In asset transactions, a common question is whether an offer of employment from a purchaser is considered new employment or not. A related question is whether such offers can be considered fresh consideration. The Ontario Court of Appeal has reaffirmed that the answer to these two questions is a strong "yes." Readers are cautioned that this decision does not reflect the law in all Canadian jurisdictions.

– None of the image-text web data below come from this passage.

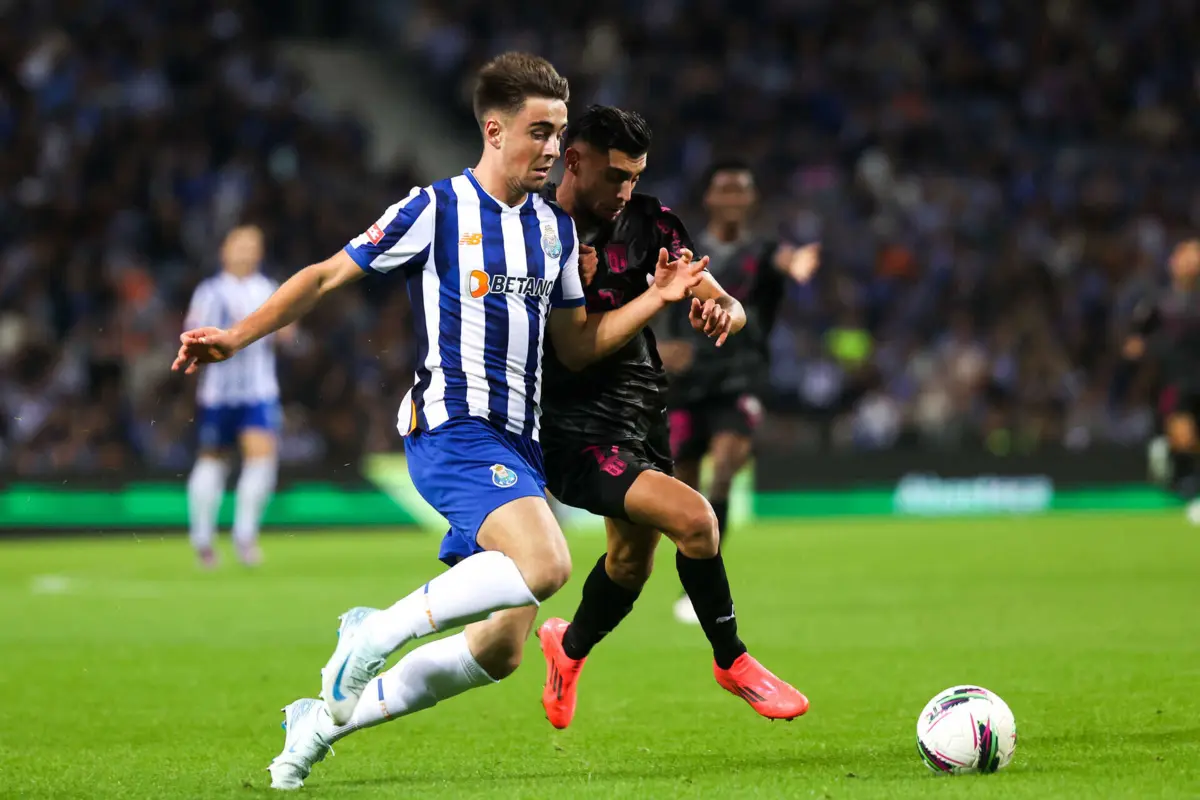 Martim Fernandes, à esquerda (créditos: Ivan del Val)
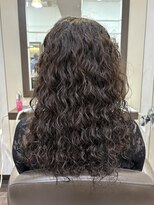 ヘアーアンドメイク ビス(HAIR&MAKE bis)&nbsp;強めスパイラルパーマ　ハードパーマ【kotomi】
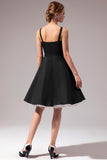 Vestido preto vintage com botão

In Krishnamoorthy v. Olympus Canada Inc., 2017 ONCA 873, Olympus Canada purchased some of the assets of the company that employed Mr. Krishnamoorthy in 2006. Olympus Canada offered employment to Mr. Krishnamoorthy on substantially similar terms as he had with his then-current employer/the vendor, except that it provided for a contractual termination provision that contracted out of common law notice. The offer also indicated that Mr. Krishnamoorthy would be treated as a new employee except as required by applicable legislation or the offer. Mr. Krishnamoorthy signed the employment agreement.
Fast forward nine years and Mr. Krishnamoorthy’s employment agreement was terminated without cause. Olympus Canada offered him compensation in accordance with the 2006 offer of employment. Mr. Krishnamoorthy refused and commenced litigation.
There were a number of issues before the Court, but the key issue for the purposes of this article was whether the 2006 offer of employment from Olympus Canada constituted fresh consideration. If the offer did not constitute fresh consideration, the contractual termination provision would not be binding because, in Ontario, a promise to perform an existing contract is not fresh consideration.
The Ontario Court of Appeal confirmed that the offer of employment from Olympus Canada constituted fresh consideration. The Court affirmed that employment standards legislation, which provides for continuity of employment, does not mean continuity for all purposes. However, the Court also ordered a trial on whether the termination clause was invalid, because it is alleged to have not complied with the minimum statutory entitlements under Ontario employment standards legislation and to have had its "substratum … lost" over the years.
Of course, while this decision provides a fair amount of flexibility to purchasers offering employment to candidates in Ontario, it does not provide guidance on what those terms should be, the enforceability of those terms on other grounds (e.g. termination provisions that comply with employment standards statutory entitlements, and restrictive covenants that satisfy public policy-related tests) or any obligations with respect to those terms. Practically, the flexibility may be limited in some transactions due to a covenant provided by the purchaser. The Ontario Court of Appeal has placed a piece of the puzzle, but prudent purchasers will know that there are often other pieces of the puzzle to consider.